Sowing the seeds of an ambitious satellite programme

The IRS-1A, India's first remote sensing satellite, for the uses of mapping the earth for agricultural, resource and defence purposes, was launched today in 1988.
 The IRS-1A; Source: Public Domain

The IRS-1A; Source: Public Domain

The Indian space programme had just started its upward spiral in the 1980s, launching a series of satellites with the help of Soviet launchpads at the Baikonur Cosmodrome. Now began the launching of satellites perhaps considered the modern hallmark of the ISRO satellites, the Indian Remote Sensing Satellites (IRS).

India wanted these satellites to provide imagery for agriculture, forestry, hydrology and geology - and on the 17th of March, 1988, as the IRS-1A blasted off on a Vostok 2M rocket, India knew its work had just begun towards building a more comprehensive remote sensing satellite network and capability.

The satellite was small, but the mission it intended to do was big. The spacecraft contained 3 linear imagining self scanner - LISS - cameras, and would give spatial resolutions of upto 72 and 36 metres.

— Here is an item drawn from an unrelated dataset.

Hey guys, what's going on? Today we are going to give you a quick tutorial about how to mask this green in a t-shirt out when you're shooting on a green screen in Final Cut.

Operating in a Sun-synchronous orbit - aligning itself with the sun, the IRS-1A would finish its mission by July 1996. A full 8 years of mission, when it had been planned for 3 initially.

The first mission was a part research, part operational and part experimental one, for India would need to develop an entire system around how to develop the expertise in satellite imagery at home - relying on foreign satellites cost a large amount of money and resources.

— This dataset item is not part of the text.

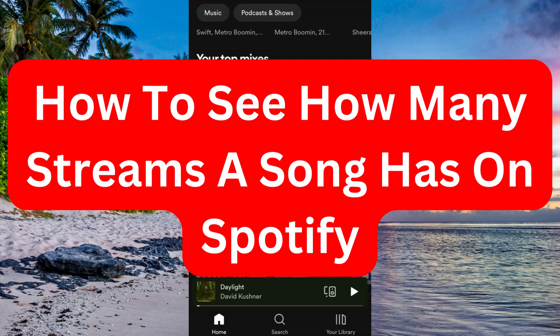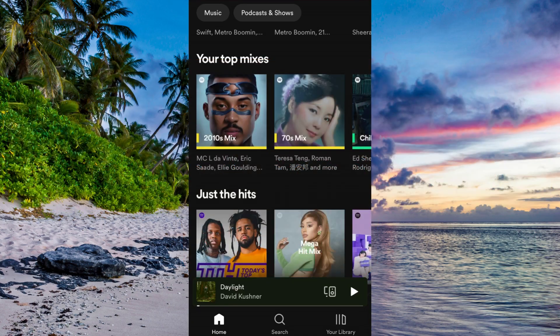Do you want to be able to see how many streams a specific song has on Spotify? Well then you have come to the perfect video, because in this video I'm going to show you step by step exactly how to see it.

The need for an indigenous remote sensing programme had also been realised by the fact that countries like the US had explicit restrictions back then on technologies like Remote Sensing and other tools - necessitating that the sooner India could launch the IRS, the sooner it would be able to launch further research into this field, as no outside expertise was going to be there to guide it.

The IRS programme’s intention was to create new opportunities for Indian researchers, the development of new technologies, and data on how to utilise the resources of the earth better - which it so far succeeds in!